Israeli Interest Rate Reduction

December 25, 2012

The Bank of Israel’s benchmark policy interest rate was cut Money to 1.75% from 2.0%.  Analysts had been split over whether another cut would be implemented or if, as in November, policymakers would choose to change their interest rate.  This was the sixth rate reduction of the cycle.  Earlier moves, all by 25 basis points, were announced in September and November of 2011 and January, June, and October of this year.  From a Great Recession low of 0.50% at the start of 2009, the interest rate had been lifted by 75 bps in both 2009 and 2010 and by 125 bps over the first five months of 2011.

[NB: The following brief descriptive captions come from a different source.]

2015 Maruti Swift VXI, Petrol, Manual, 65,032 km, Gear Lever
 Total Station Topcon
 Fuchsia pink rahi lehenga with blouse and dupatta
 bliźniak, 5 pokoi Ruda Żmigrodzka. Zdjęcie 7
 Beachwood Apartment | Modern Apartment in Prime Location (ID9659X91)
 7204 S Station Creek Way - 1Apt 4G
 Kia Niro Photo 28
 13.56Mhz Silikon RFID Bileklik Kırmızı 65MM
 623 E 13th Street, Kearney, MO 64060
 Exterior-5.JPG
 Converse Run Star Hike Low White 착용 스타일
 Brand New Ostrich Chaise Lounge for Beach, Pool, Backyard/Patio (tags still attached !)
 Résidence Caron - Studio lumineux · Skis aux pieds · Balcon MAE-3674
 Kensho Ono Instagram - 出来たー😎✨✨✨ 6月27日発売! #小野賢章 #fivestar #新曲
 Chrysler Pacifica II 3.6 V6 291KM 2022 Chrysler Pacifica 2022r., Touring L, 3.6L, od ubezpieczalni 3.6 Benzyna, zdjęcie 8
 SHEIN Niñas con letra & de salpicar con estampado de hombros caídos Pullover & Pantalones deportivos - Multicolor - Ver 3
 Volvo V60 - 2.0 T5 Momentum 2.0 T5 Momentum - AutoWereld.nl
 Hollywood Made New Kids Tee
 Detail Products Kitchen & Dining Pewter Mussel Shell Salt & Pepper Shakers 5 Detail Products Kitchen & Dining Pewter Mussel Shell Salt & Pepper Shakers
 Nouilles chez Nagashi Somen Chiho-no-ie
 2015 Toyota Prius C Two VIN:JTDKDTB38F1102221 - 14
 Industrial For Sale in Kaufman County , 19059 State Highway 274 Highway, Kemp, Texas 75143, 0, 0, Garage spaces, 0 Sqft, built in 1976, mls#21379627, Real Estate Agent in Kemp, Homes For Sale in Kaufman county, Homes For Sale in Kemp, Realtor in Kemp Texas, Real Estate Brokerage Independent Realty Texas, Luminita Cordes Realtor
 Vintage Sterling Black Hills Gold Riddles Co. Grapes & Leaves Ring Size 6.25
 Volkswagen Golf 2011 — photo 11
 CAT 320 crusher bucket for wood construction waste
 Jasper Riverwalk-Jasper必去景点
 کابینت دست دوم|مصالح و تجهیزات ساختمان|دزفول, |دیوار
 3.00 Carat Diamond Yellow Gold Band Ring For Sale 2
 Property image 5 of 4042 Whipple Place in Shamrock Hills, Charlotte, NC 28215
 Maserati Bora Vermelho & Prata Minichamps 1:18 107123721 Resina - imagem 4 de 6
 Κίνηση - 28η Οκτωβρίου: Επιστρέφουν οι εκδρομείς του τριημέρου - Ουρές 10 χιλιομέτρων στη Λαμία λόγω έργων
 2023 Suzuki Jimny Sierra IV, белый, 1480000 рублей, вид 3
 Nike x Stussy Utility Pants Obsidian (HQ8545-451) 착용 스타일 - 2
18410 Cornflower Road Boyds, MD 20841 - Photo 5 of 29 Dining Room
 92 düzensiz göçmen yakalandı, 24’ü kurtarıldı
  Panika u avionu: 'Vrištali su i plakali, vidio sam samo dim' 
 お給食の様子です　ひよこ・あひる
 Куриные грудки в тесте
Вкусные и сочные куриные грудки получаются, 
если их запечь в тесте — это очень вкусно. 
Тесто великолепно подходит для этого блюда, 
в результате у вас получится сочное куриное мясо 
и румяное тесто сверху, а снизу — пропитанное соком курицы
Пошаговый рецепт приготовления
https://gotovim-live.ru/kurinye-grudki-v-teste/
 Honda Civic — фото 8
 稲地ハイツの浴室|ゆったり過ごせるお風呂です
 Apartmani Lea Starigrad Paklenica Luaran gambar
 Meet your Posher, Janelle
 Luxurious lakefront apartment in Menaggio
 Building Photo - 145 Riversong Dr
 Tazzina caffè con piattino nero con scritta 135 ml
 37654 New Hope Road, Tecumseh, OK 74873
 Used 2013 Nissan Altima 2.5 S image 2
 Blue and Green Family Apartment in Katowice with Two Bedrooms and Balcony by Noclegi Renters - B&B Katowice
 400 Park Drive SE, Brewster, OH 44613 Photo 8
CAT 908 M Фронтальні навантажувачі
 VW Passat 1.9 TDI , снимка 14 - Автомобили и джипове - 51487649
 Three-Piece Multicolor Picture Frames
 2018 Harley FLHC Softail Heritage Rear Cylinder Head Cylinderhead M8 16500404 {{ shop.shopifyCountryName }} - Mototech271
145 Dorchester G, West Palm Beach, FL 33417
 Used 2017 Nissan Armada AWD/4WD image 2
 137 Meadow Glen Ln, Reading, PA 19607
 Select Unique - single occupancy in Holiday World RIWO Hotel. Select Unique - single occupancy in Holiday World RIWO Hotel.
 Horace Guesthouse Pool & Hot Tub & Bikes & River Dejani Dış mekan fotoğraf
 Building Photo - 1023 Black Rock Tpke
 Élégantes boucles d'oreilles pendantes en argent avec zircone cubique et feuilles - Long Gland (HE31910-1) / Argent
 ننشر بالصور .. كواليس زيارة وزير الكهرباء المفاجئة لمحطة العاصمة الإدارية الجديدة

A new statement from Bank of Israel authorities justified the latest interest rate decision on several grounds:

  • Economic growth continues to slow.  Projected GDP expansion next year was revised downward further to 2.8% (excluding natural gas output) from 3.0% and 3.4% just a couple of months ago.  Natural gas production is not expected to boost jobs much.
  • Shekel appreciation is creating a growth headwind.
  • Other central banks like the Fed have eased monetary stances recently.
  • Global downside economic risks persist.
  • CPI inflation of 1.4% in the year to November has dipped under the central bank 1-3% target mid-point and is projected to stay in target.
  • Housing market inflation from lower interest rates will be limited because of the imposition last month of LTV ratio limitations on mortgage finance.

The first interest rate announcement of 2013 is set for January 28.  A seventh interest rate cut sometime in the future remains conditionally possible if inflation and growth continue to trend lower.  A move in January seems doubtful, as it will take more than a month to ascertain the economy’s response to this latest move.